L'union (des petits) fait la force

Les dirigeants de sept pays de l'Union se sont réunis mardi soir au Luxembourg.
Tous partagent une même conception de la construction européenne.
Et veulent se faire entendre sur la scène continentale en cette période de réformes.

Ils dirigent des «petits» pays, mais n'aiment pas qu'on le leur rappelle. Si les chefs d'Etat et de gouvernement de sept pays de l'Union européenne (*) (et pas d'Europe centrale) se sont réunis mardi soir au Luxembourg, ce n'est pas parce qu'ils sont petits - bien qu'en coulisse, on les surnomme les «sept nains» - mais parce qu'ils «partagent globalement la même conception de l'Europe», selon l'hôte grand-ducal, et veulent accorder leurs violons pour faire entendre une mélodie plutôt qu'un brouhaha à côté du chant franco-allemand ou anglo-espagnol. L'union fait la force, a fortiori quand on est... petit.
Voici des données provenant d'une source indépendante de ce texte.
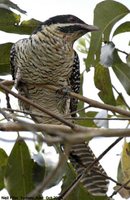 Australian Koel - Eudynamys cyanocephala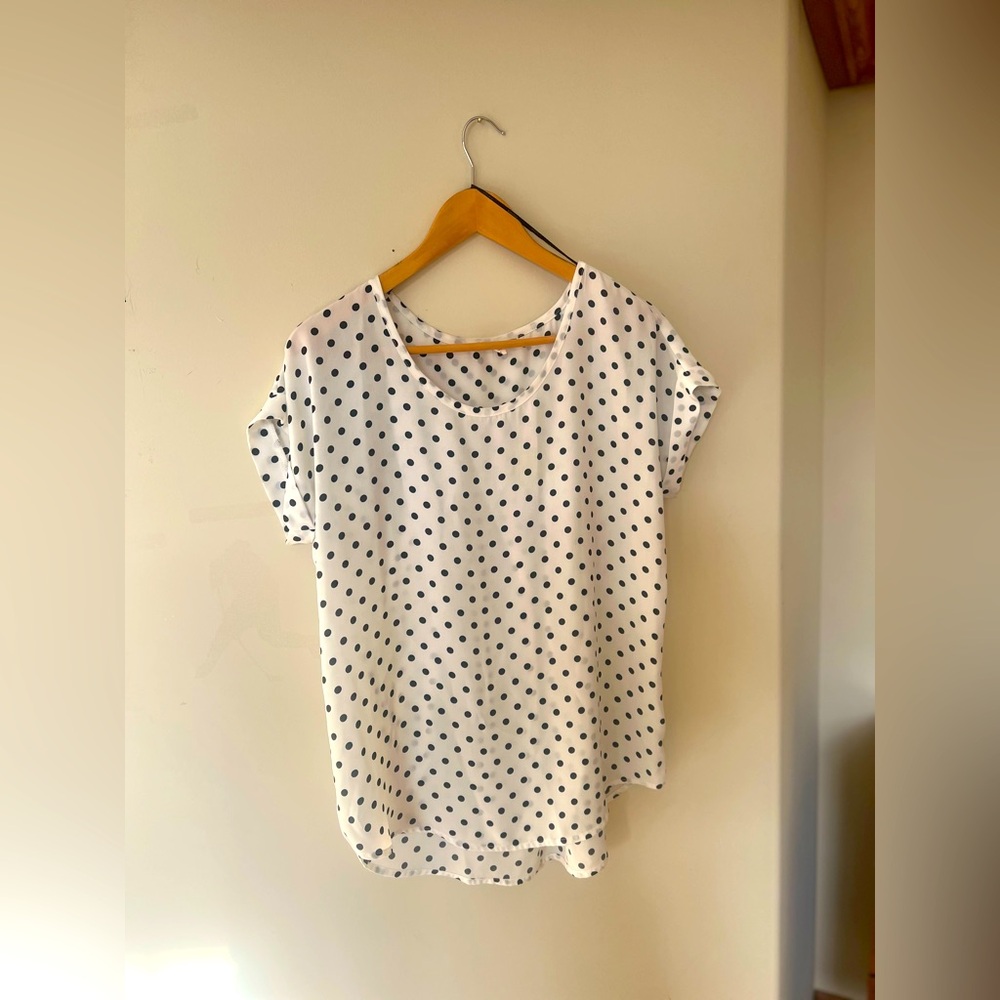 Pleione Polka Dotted Sheer Blouse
Cette «réunion de travail informelle», initialement programmée le 19 mars à Bruxelles mais reportée devant l'imminence de la guerre contre l'Irak, tombe à point nommé: plusieurs Etats ont déjà pris position sur les réformes institutionnelles et les membres de la convention sur l'avenir de l'Europe s'en saisissent sous peu. Cette enceinte, chargée d'écrire une constitution européenne sous la houlette de Valéry Giscard d'Estaing, doit dessiner une nouvelle architecture institutionnelle pour permettre à l'Union élargie de demain de fonctionner, voire d'avancer. Mais l'idée de ce que devrait être cette ébauche varie d'un pays à l'autre, parfois considérablement.

Or, il se trouve qu'une poignée d'Etats partagent une vision basée «notamment sur un renforcement de la méthode communautaire, un équilibre entre les institutions européennes ainsi que sur l'égalité entre tous les Etats membres». L'objet du sommet d'hier, auquel aurait pu se joindre la Grèce si elle n'exerçait en ce moment la présidence de l'Union, était de voir comment rapprocher les points de vue de manière à influencer les travaux de la convention, entrés dans leur phase cruciale. Valéry Giscard d'Estaing, soupçonné par les «petits» de se montrer plus réceptif à la position des «grands», écoutera le 16 avril l'avis de chacun des chefs d'Etat et de gouvernement, réunis à Athènes pour signer les traités d'adhésion qui scelleront l'élargissement de l'Union à dix nouveaux membres. Un sommet spécial se tiendra ensuite vraisemblablement le 30 juin à Bruxelles.

La présidence en question

Il n'est pas anodin de constater que les dirigeants qui se sont retrouvés hier soir tiennent les rênes de pays peu peuplés - la Suède et le Danemark faisant l'exception. Il se trouve, de fait, plus de défenseurs de la Commission, garante de l'intérêt commun européen et donc de celui des petits, parmi eux que parmi les grands. Ces derniers temps, les divergences se sont cristallisées sur le débat autour de la réforme de la présidence du Conseil qui, aujourd'hui, change tous les six mois. Les amis de la Commission - pour autant qu'on puisse les baptiser ainsi - redoutent que la nomination d'un président du Conseil européen fixe pour quelques années n'affaiblisse Romano Prodi et son institution d'une part et ne privilégie une personnalité venue d'un grand pays d'autre part. Ce dont ces derniers se défendent, à l'instar du ministre français des Affaires étrangères, Dominique de Villepin, qui avait lâché que le Premier ministre belge, Guy Verhofstadt, remplirait à merveille cette fonction.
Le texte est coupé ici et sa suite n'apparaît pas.